Can you send a mail to pierre@openfoodfacts.org so that I can invite you to
the OpenFoodFacts slack, so that we can discuss it further ?

------
arthurfm
Something else that would be quite useful is to include links to the
international names of each product so that you can compare their ingredients.

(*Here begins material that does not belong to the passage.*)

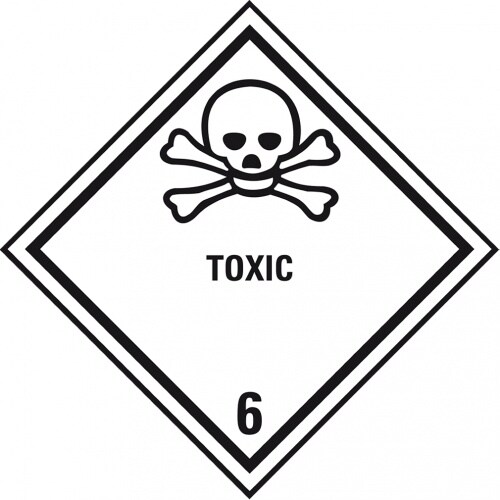 Dreifke® Verpackungskennzeichen Klasse 6.1 Toxic, Haftpapier, permanent, 100x100mm, 1000/Rolle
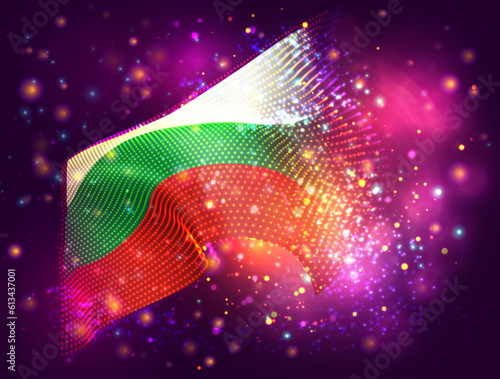 Bulgaria, vector 3d flag on pink purple background with lighting and flares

For example, Kellogg's Frosted Flakes [1][2] are called Frosties in the UK,
France [3] and some parts of Europe, but do not have identical ingredients.

[1]
[http://en.wikipedia.org/wiki/Frosted_Flakes](http://en.wikipedia.org/wiki/Frosted_Flakes)

[2]
[http://world.openfoodfacts.org/product/038000219634/frosted-...](http://world.openfoodfacts.org/product/038000219634/frosted-
flakes-kellogg-s)

[3]
[http://world.openfoodfacts.org/product/5053827104081/frostie...](http://world.openfoodfacts.org/product/5053827104081/frosties-
kellogg-s)

------
kw71
Hi teolemon, if you're still following:

Please consider allowing multiple barcodes for an individual product. I live
in the USA, where (because of tradition and archaic technology) some grocers
don't like to market products bearing only EAN barcodes. So, many imported
items have both UPC and EAN barcode.

I hit a different case today: a box of 20 pieces with one barcode, but the
individual item inside has a different barcode.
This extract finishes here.